Da escalada até ao topo competitivo em Portugal, Zé Manuel encarou com a mesma naturalidade o fim. Fez a última época nos campeonatos profissionais em 2012, no Trofense, ano em que voltou ao Boavista, no Campeonato de Portugal. Mais tarde, as divisões distritais, de novo no Taipas, até ao Martim.

«Eu questionava-me: só consigo jogar se estiver bem comigo mesmo. Quando acabei a carreira, tive convites para jogar. Disse que não. Não estava para mais sacrifício: pôr a pé às 7h30 e chegar a casa às dez da noite, não é vida. No inverno, praticamente não via os meus filhos. Quando vi que tinha uma vida não familiar, disse “chega”», afirma.

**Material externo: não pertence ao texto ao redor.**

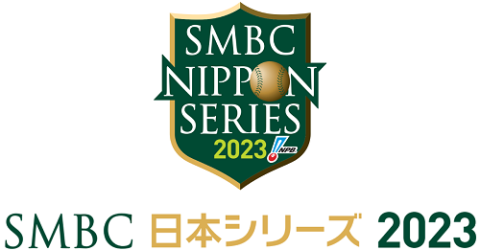 SMBC日本シリーズ2023 オリックス・バファローズ対阪神タイガース 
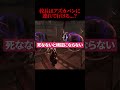 校長はアズカバンに連れていける...？【ホグワーツレガシーMOD】#shorts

Depois das vivências, as memórias e os contactos. «No futebol, aparece tudo: os bons, os maus e os que não interessam. Mas os bons, guardamos os contactos. Aos anos que passei o primeiro ano nas Taipas [1997] e ainda hoje tenho contactos. De vez em quando, marcamos um jantar. Não é só chegar à Primeira Liga, ter fama e conhecer as pessoas. Antes já conhecia as pessoas nas Taipas e noutros clubes, tenho a mesma amizade e respeito», frisa.

Zé Manuel foi um «pé canhão» e veloz que deu dores de cabeça a muitos adversários. Hoje, o futebol, as estruturas, a preparação e os aspetos táticos parecem tornar raro o sucesso de jogadores como este minhoto teve em Portugal. É mesmo assim, Zé? «Há muitos jogadores melhores que o Zé Manuel (risos). Agora, se calhar chegar à Liga da maneira que cheguei, depressa, sem formação, hoje se calhar aparece um em 1000. A minha formação era faltar aos estudos para ir jogar com os amigos. Costumo dizer que não tenho os estudos, mas os estudos deram-me a formação de futebol», reforça.

A brincadeira no Trofense e a questão de treinador

Um quarto de século de balneários e relvados tem muitas histórias para contar e há uma que Zé Manuel recorda de um colega de equipa, no Trofense. «Ele era daqueles que falava mais e uma altura pegamos nele, metemo-lo na marquesa, fita isoladora, pernas e braços atados, levámo-lo ao campo, pusemo-lo em cima da linha de golo e pegamos em bolas e chutamos contra ele, na brincadeira», revela.

E se houve este Zé Manuel jogador, dificilmente haverá um treinador. «Muita gente questiona: "porque é que não estás num clube? Não queres ser treinador?" Eu comecei do zero, fui lá acima e, consoante a idade, vamos caindo. Quem vai de baixo, chega à Liga e torna cá abaixo e, depois de deixar de jogar futebol, começa a treinar clubes por baixo, é difícil. Não quero ser treinador, nem estar ligado ao futebol. Se alguém me fizer o convite, ainda penso duas vezes. Sei o que passei, as dificuldades. E hoje, no futebol, é meio mundo a lixar meio mundo. Percebeu o que quis dizer?», atira.

Assim sendo, Zé Manuel quer «muitos anos de uma vida normal» fora do futebol. Por estes dias, é provável vê-lo ao volante de um pesado do Minho à Galiza, nesta estrada da vida.